El Partido Revolucionario Moderno (PRM) atraviesa un momento decisivo. Tras años de lucha, crecimiento y ejercicio del poder, la historia vuelve a exigir lo que siempre ha sido clave en los grandes procesos políticos: unidad, madurez y visión de futuro.
La diversidad de liderazgos y corrientes internas es una fortaleza cuando se gestiona con responsabilidad. Pero también puede convertirse en una debilidad si los intereses personales se colocan por encima del proyecto colectivo. Hoy, más que nunca, el PRM debe recordar que su razón de ser no es la confrontación interna, sino el servicio al país y la consolidación de los avances logrados.

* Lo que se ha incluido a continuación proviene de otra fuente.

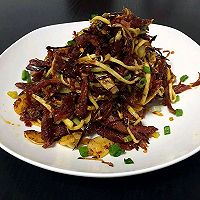 酱牛肉没吃完怎么办？做成干煸的吧的做法图解7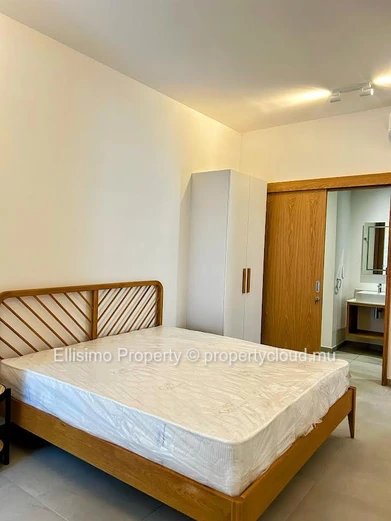 À Louer – Élégant Penthouse 3 Chambres à Péreybère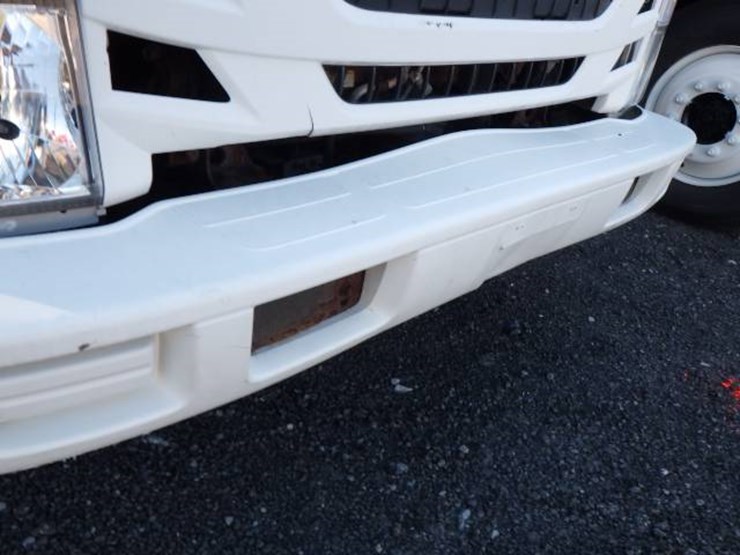 2017-isuzu-nqr-image-3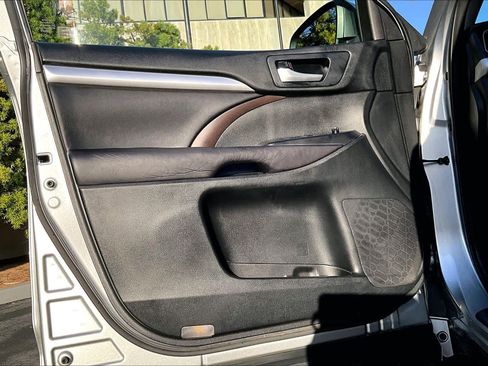 Used 2017 Toyota Highlander XLE image 21
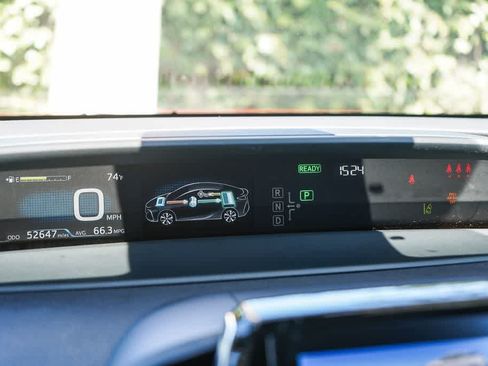 Used 2020 Toyota Prius Prime XLE FWD image 20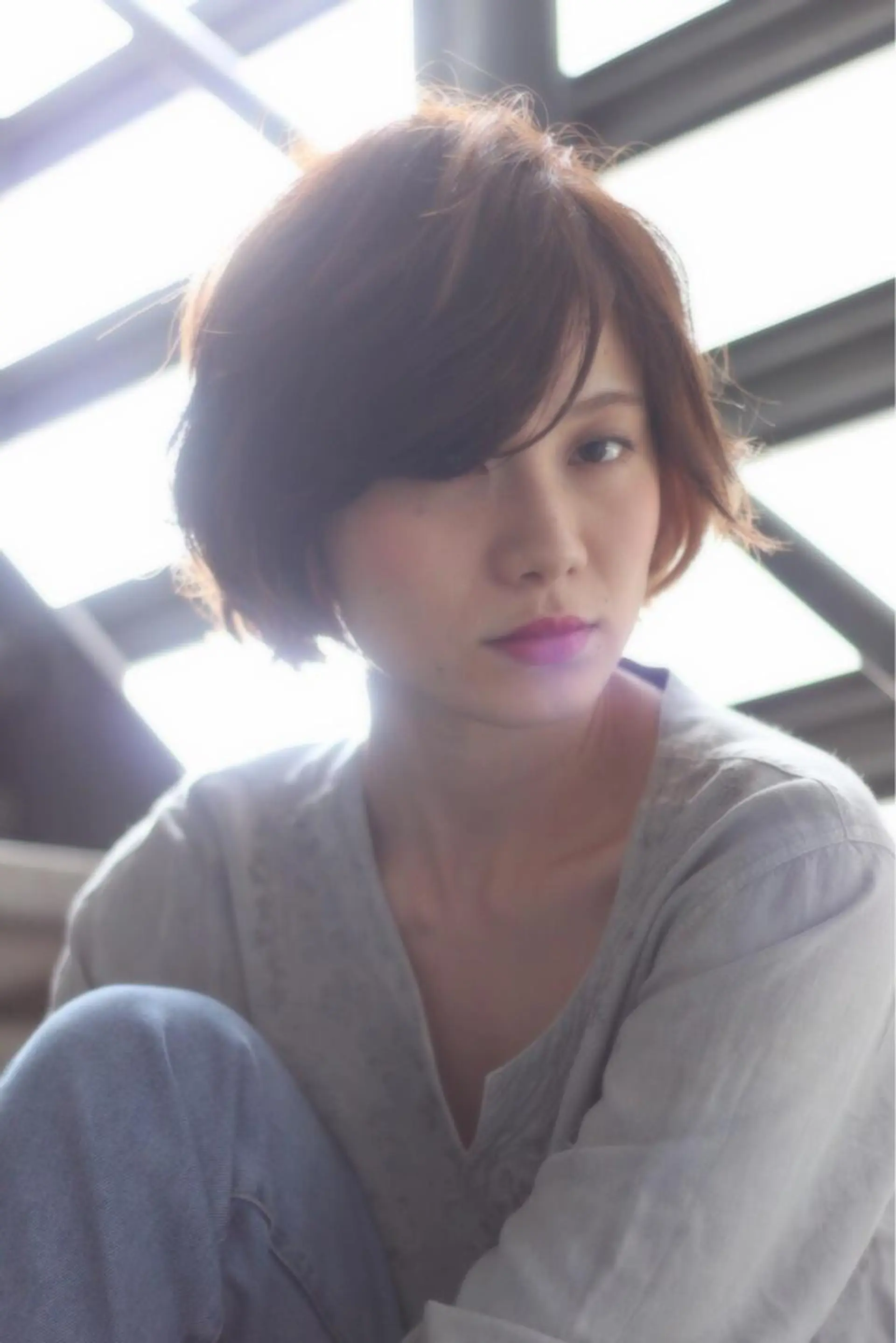 ショート カラー アッシュ ベージュカラー ショートヘア 鍵山 千秋のヘアスタイル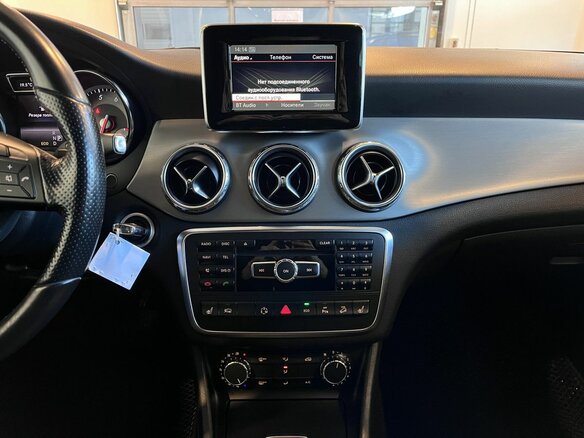 2014 Mercedes-Benz GLA 250 I (X156), белый, 1798000 рублей - вид 13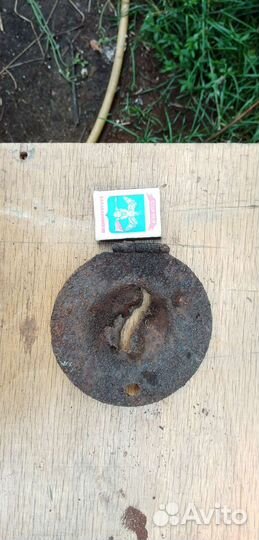 Неопознанный лючок с техники ВОВ, антуражный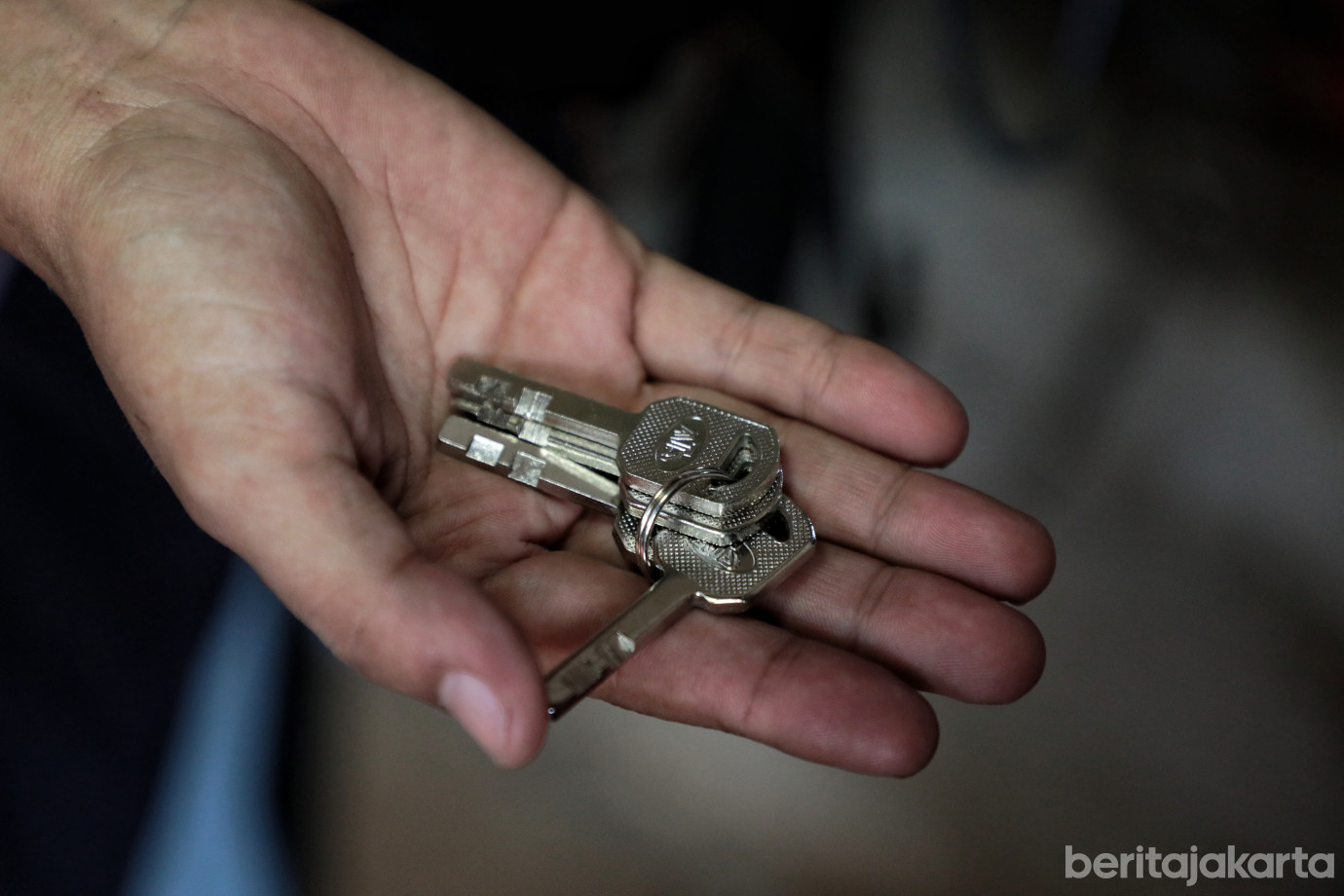 5.27 KK Penghuni TPU Kebon Nanas Pindah ke Rusunawa__.jpg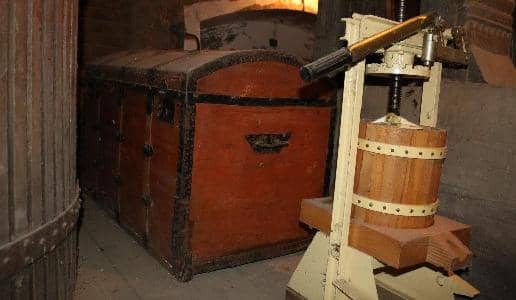 Weinkeller mit Baumpresse, zwei Eingängen und zwei Kellerröhren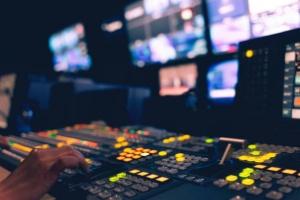 Sistema circuito fechado de tv em controle operacional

La ciudadanía observa. Los votantes no premian la división ni las disputas estériles; valoran la coherencia, la disciplina y la capacidad de gobernar con rumbo claro. La unidad no significa uniformidad ni silencio, sino respeto, diálogo y compromiso con un objetivo común.
Este es tiempo de cerrar filas, de escuchar, de construir consensos y de actuar con responsabilidad histórica. El PRM tiene la oportunidad de demostrar que es más que una suma de aspiraciones individuales: es un proyecto político con vocación de permanencia y de buen gobierno.
La unidad no es una opción. Es una necesidad. Y es ahora.